1. Supervised Learning:
    * Labelled Data is available to help you with what the output can be for given set of inputs.
    * Your output is defined what you want to get out of data, you just have to devise a way to calculate that effectively and accurately.
    * Typical problem areas:
        1. Classification - Predict the class of the given observation
        2. Regression - Predict the continuous value for the given observation
        
    * Issues:
         It's hard to find labelled datasets
    * Common Algorithms:
         Naive Bayes, SVM, Linear/Logistic Regression, KNN


2. Unsupervised Learning:
    * Deals with unlabelled data.
    * It is more of exploratory analysis where we try to find the hidden patterns within the data.
    * Think of it as what you want to get out of data, it's just you suspect some hiddent relationships and associations can be there in data.
    * There's no correct answer, hence it is difficult to determine the accuracy of models.
    * Typical problem areas:
        1. Clustering: Cluster the similar looking data into 1 group.
        2. Association: Find the most common associations or hidden associations (Market-Basket Analysis)
        3. Autoencoders: Learn the representation and associations from the data to recreate them. Popular with GANs
        4. Anomaly Detection: Is the data behaving as it is expected to be?
    
    * Common ALgorithms:
        K-Means Clustering, PCA, GANs, Apriori(Association)
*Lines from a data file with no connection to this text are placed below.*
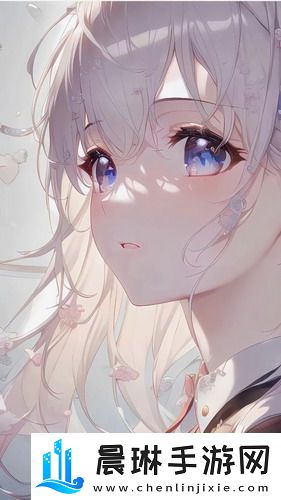 花蝴蝶一对一视频聊天-花蝴蝶一对一视频聊天最新地址v9.5.4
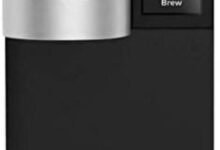 Exploring The Keurig K 2550 Smart Convenience Meets Bold Flavor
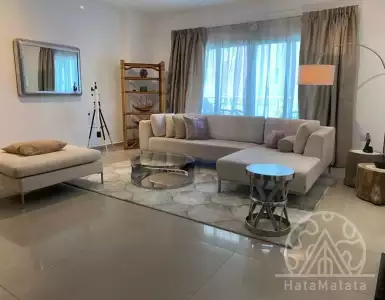 Buy in UAE for 207933€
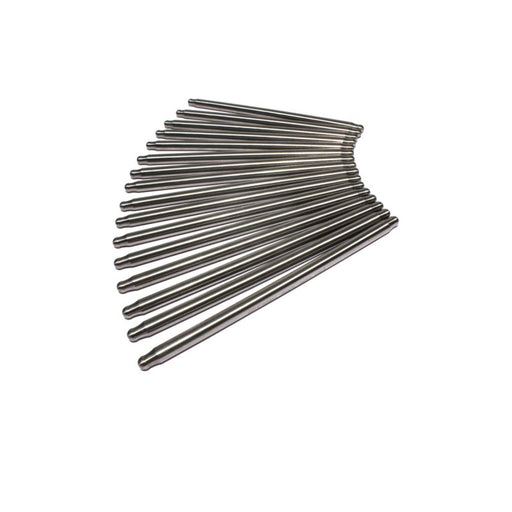 COMP Cams Pushrods Hi-Tech 3/8in 7.750in COMP Cams Push Rods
3. Reinforcement Learning:
    * Given a start state and end state, can an optimal way  to accomplish a particular goal be found or performnce of a specific task can be improved.
    * It tries to predict the next best step to take to achieve the final big reward, by interacting with the env.
    * Autonomous vehicles are the most popular application of this.
    * Common Algorithms:
        Deep Q Network(DQN), Q Learning, SARSA
    * It is not unsupervised: We know what exact output is expected from our model.
    * It is not supervised: It doesn't rely on labelled data.


# Data Analysis Workflow

Industry standard is to follow CRISP-DM (Cross Industry Standard for Data Mining).
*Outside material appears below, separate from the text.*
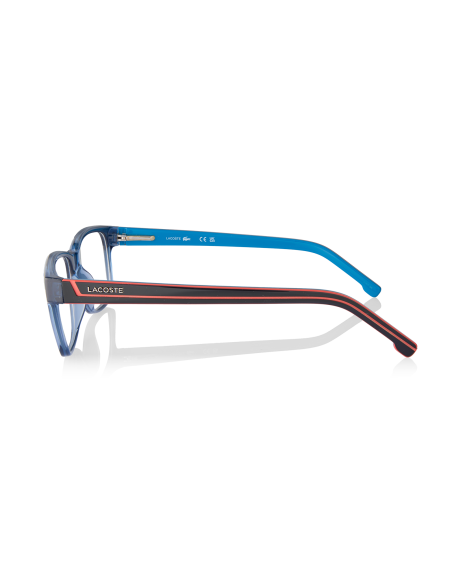 LACOSTE L2692 421 X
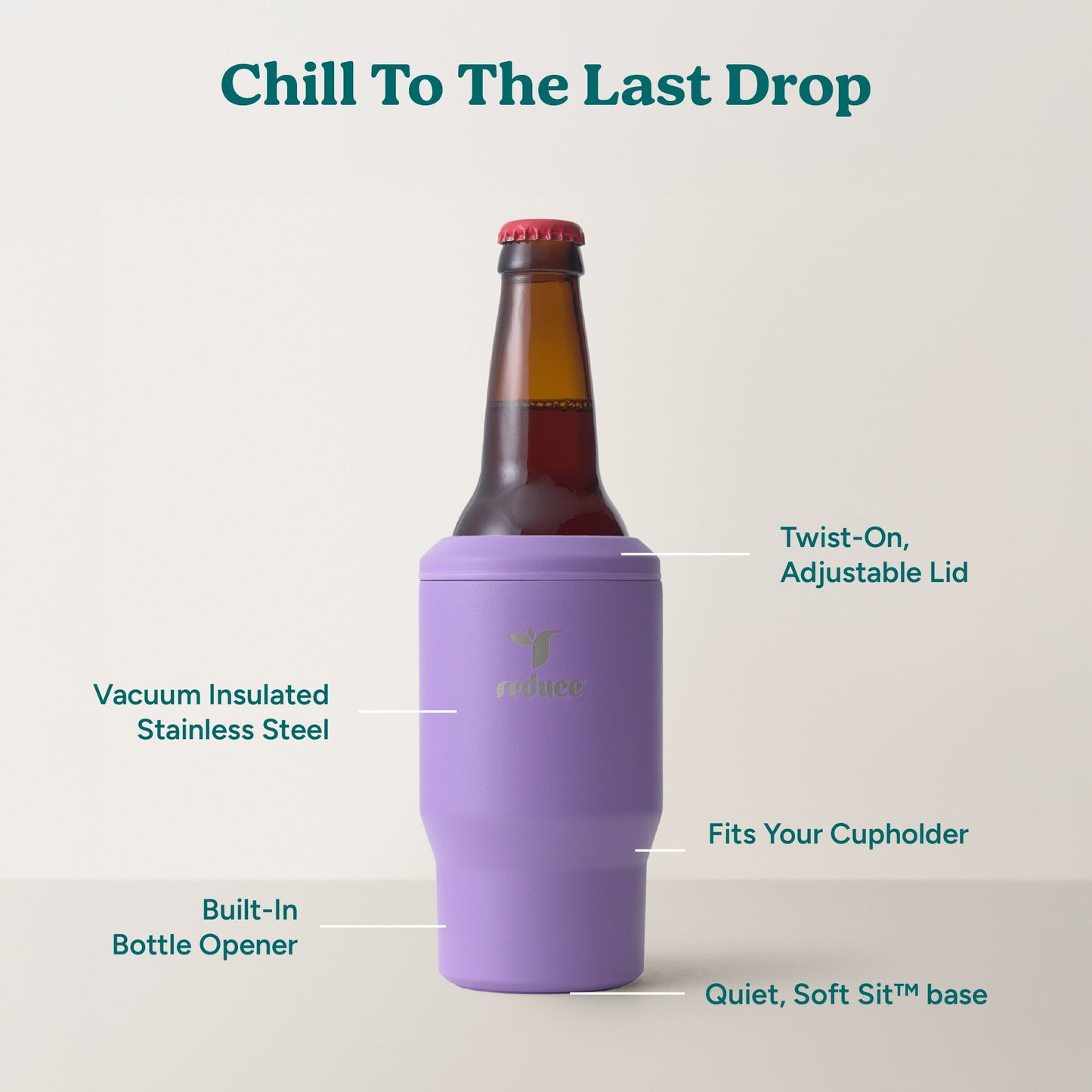 drink-cooler-x0 DrinkCooler_14oz_PurplePunch-3.jpg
https://www.sv-europe.com/crisp-dm-methodology/

![CRISP-DM.jpeg](attachment:CRISP-DM.jpeg)

# Data Exploration / Data Understanding
https://www.analyticsvidhya.com/blog/2016/01/guide-data-exploration/

https://www.analyticsvidhya.com/blog/2013/11/simple-manipulations-extract-data/

#### Step 1: Variable Identification & Analysis:
* Questions you try to answer:
    1. What each variable represents?
    2. What is its purpose?
    3. What is the datatype of each variable?
    4. What is the spread or min/max ranges?
    5. Does the data have particular affinity/skewness?
    6. Are there any missing values or outliers?

#### Types of Data:
* Based on Structure:
    * Structured: Well-formatted. Usually in form of tables.
    * Unstructured: Text, images, videos.

* Based on Data's Type:
    * Text
    * Continuous: Numerical
    * Categorical: Discrete. Can be Numerical or Text

   Categorical data is further divided as:
    * Nominal - Categorical: No specific order
    * Ordinal - Categorical: Specific Order

#### Step 2: Univariate Analysis:
* Analyse each variable independently.
* Very good in highlighting missing values and outliers
* For Continuous variables:
    
    Determine measure of central tendency: Mean, Median, Mode, Min, Max
    
    Determine Measures of dispersion: Range, Quartiles, IQR, Variance, Standard deviation, Skewness, Kurtosis
* Histogram and Boxplots can significantly help in analysis.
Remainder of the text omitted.